En aquella ocasión el congreso de los seres pequeñitos no tenía la
intención de fijar las horas de trabajo en las minas de diamante, ni tampoco
dar con el pillo que a escondidas se comía las preciadas provisiones del
almacén. El fin de la sesión era uno más
noble: otorgarle al ser humano (esa criatura tan carente en todo), un presente
de alto valor. Ya que los hombres ansían riquezas, y porque mucho en esta vida
se consigue con ellas, el duende mayor, un viejo sabio y de barbas largas,
propuso ofrecer como regalo una olla de oro llena de joyas y monedas. Mas no sería para cualquier persona, sólo
para aquellos que perseveran en la búsqueda, que vencieran los obstáculos y
fueran valientes frente a las adversidades.

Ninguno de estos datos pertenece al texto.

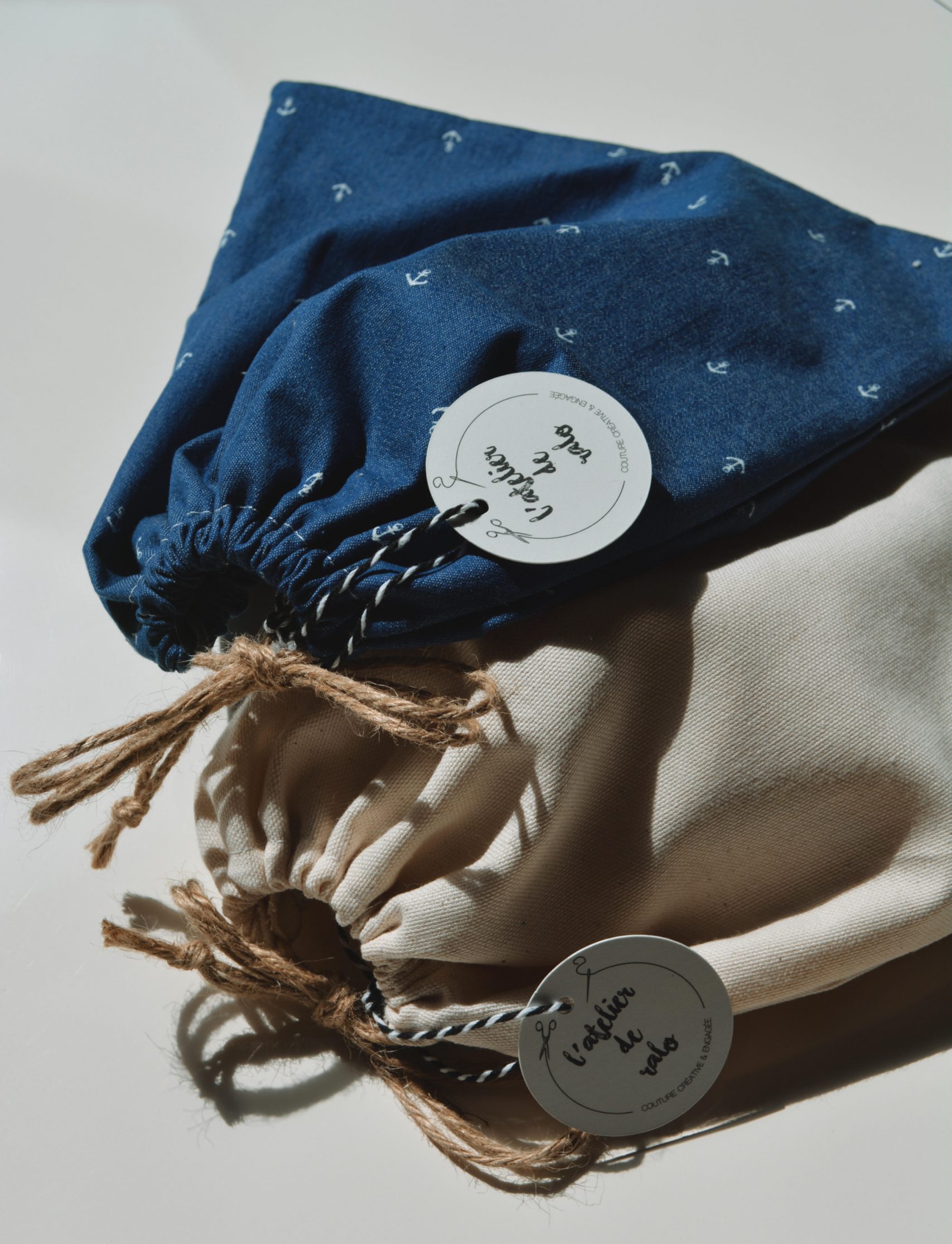 Auvergne 10 petits créateurs à connaitre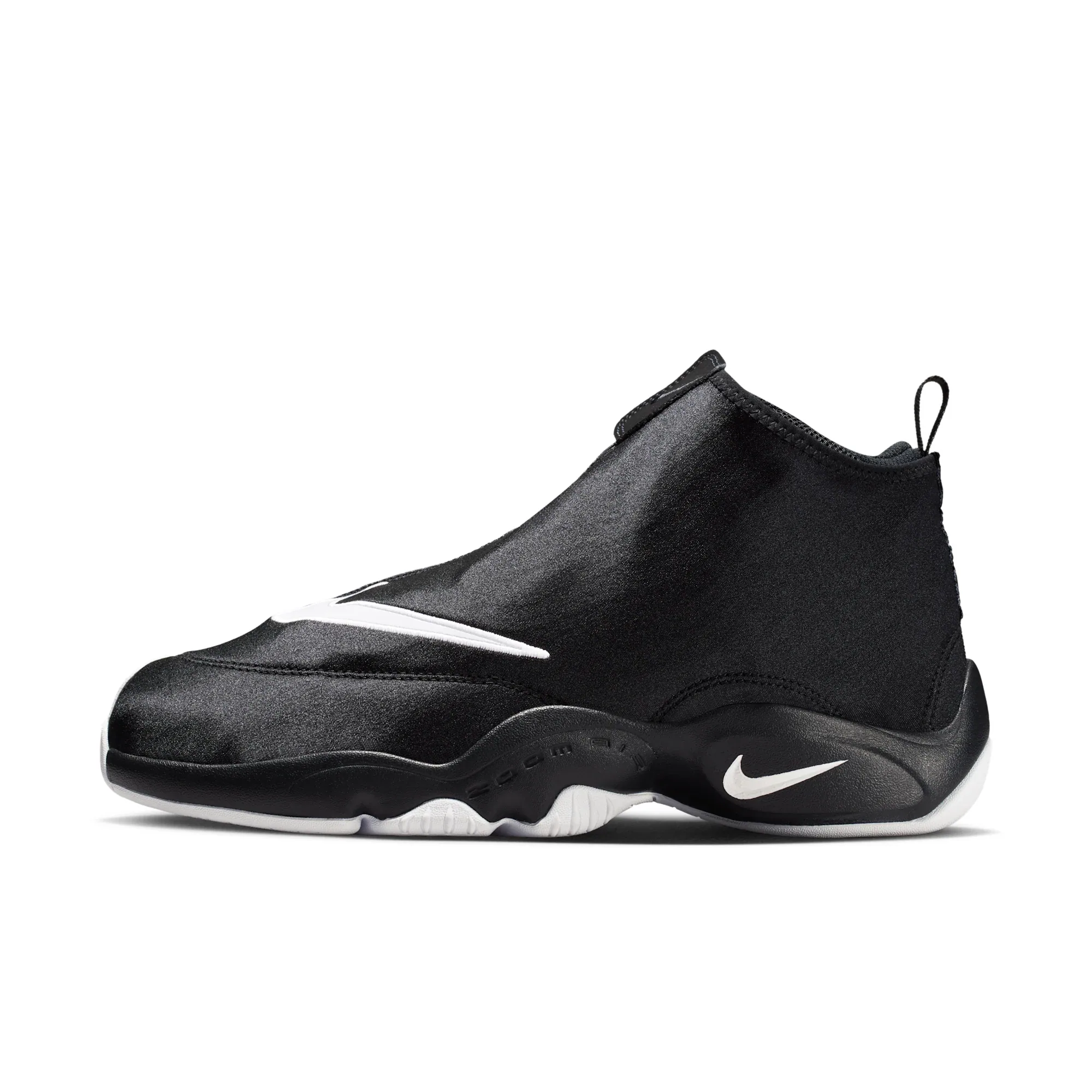 Nike Air Zoom Flight The Glove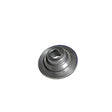 Cat Valve Spring Retainer 3B1142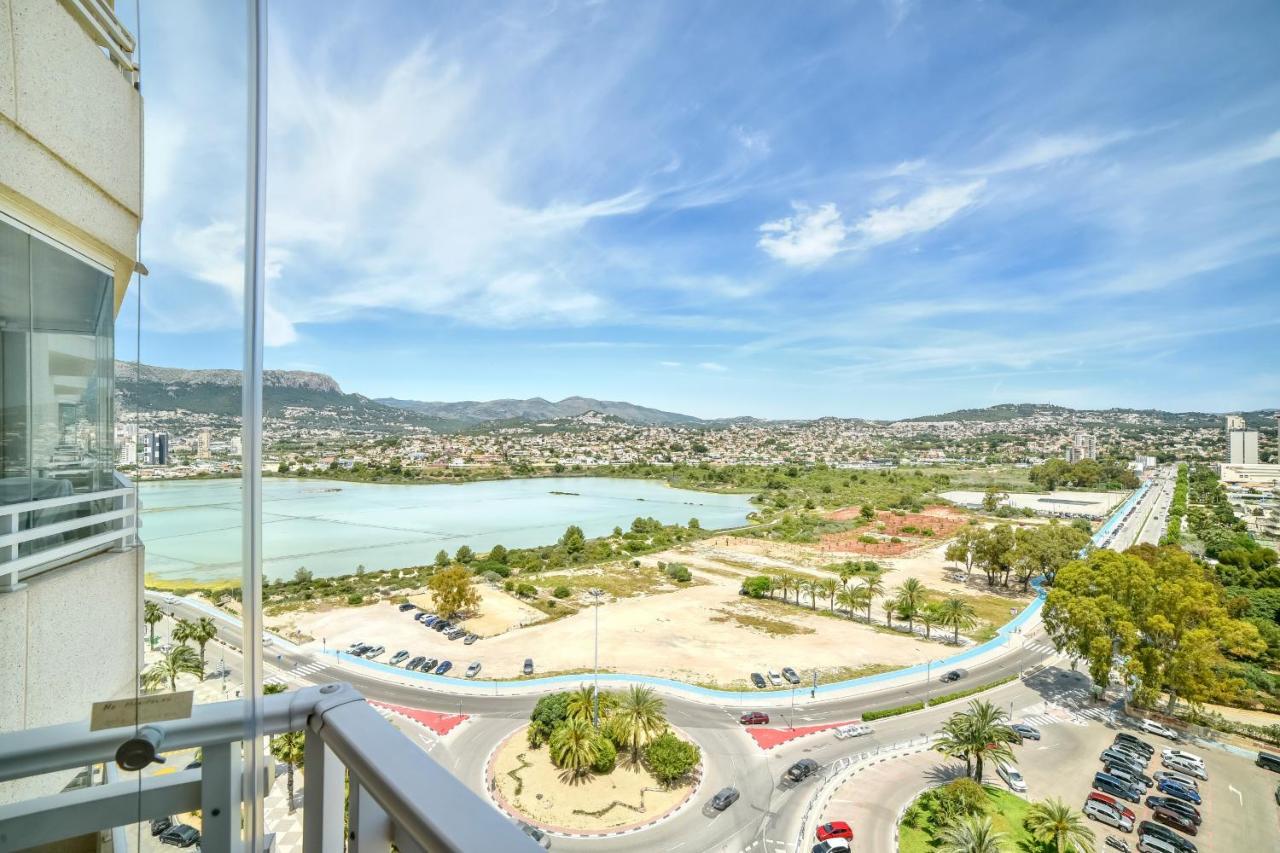Homeincalpe Apolo XVII 1-14-41 Kültér fotó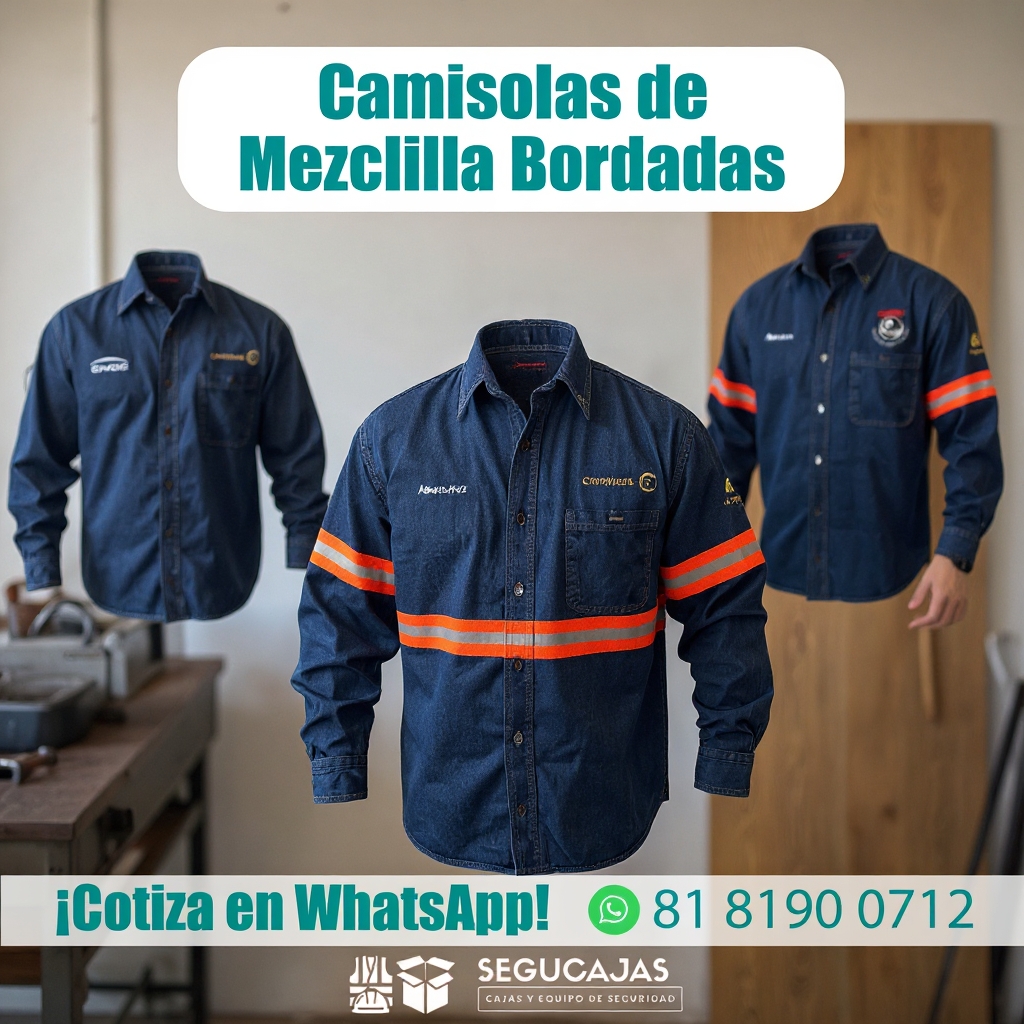 SEGU CAJAS Facebook ad: ¡Cotiza un pedido ahora!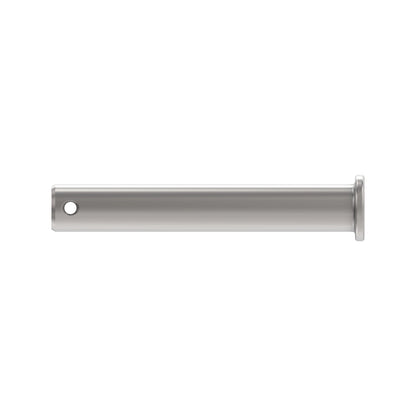 John Deere R166321: Pin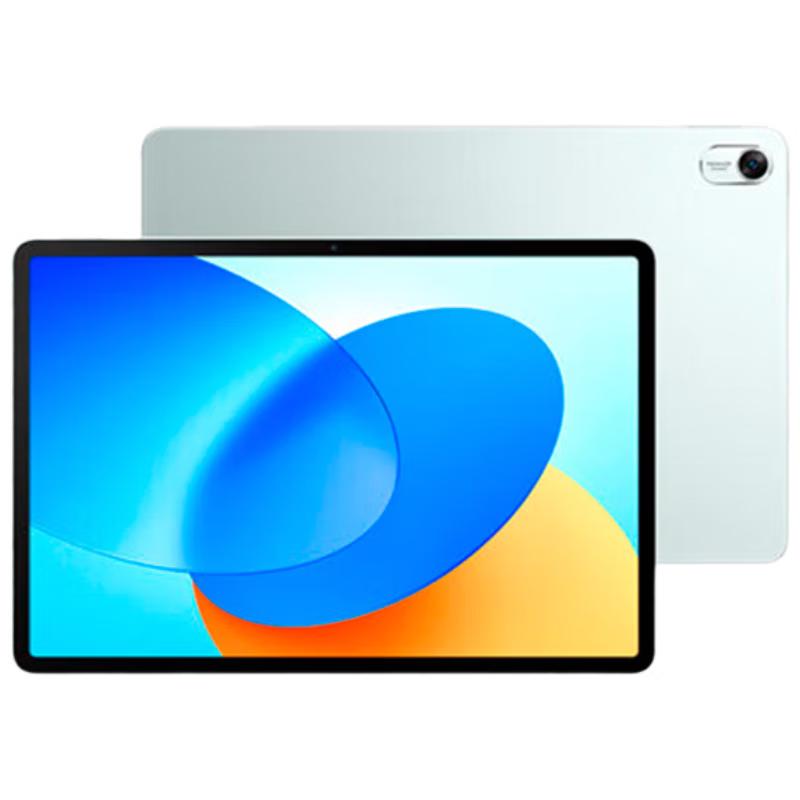 

Huawei MatePad 11.5-inch 2024 Tablet (CN version)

Para mantener el secreto, luego de ahuyentar a varias hadas curiosas que
por ahí revoloteaban, se acordó colocar el tesoro al final del arcoíris, a donde
muy pocos podrían llegar. Satisfechos con el propósito, cada uno de los seres
mágicos depositó en el interior de la olla un objeto de valor: monedas, joyas,
piedras preciosas y demás, hasta que el recipiente dorado comenzó a
desbordarse. ¡Aquello deslumbraba! La alegría de los pequeñitos era
contagiosa. Pese a todo, el viejo
patriarca notó un hueco en el brillante cazo, para luego decir en voz alta y firme,
que apagó la algarabía: “¡Un momento!
¡Alguien no puso su parte en el tesoro!”
Entonces Puc, un joven noble y de buenos sentimientos, con la cabeza un
poco baja se abrió paso desde atrás, llevando consigo un cofrecito. Ante la obvia pregunta que deseaba saber el
motivo de su falta de cooperación, él contestó: “El regalo que deseo compartir
con los hombres no puede ir entre el oro y las monedas, así que lo coloqué
aquí, en esta cajita. Lo que contiene es amor, esperanza y amistad”. El duende mayor sonrió con satisfacción al
reconocer el buen gesto de Puc, por ello añadió: “Sin duda será un gran
presente, de mucho más valor que el oro y las monedas; pero no será para
cualquier persona, sólo para aquellos que logren acercarse a un hermano. Por ello, en la noche, mientras los hombres
duerman, tú colocaras ese diminuto baúl en el órgano palpitante de cada uno de
ellos. De la gente dependerá buscar el
tesoro que mejor le convenga: el oro al final del arcoíris o los sentimientos
que guarda el corazón de los seres humanos.
¡Ah! Una cosa más, no coloques
llaves, la forma de abrir el cofre será con una sonrisa”.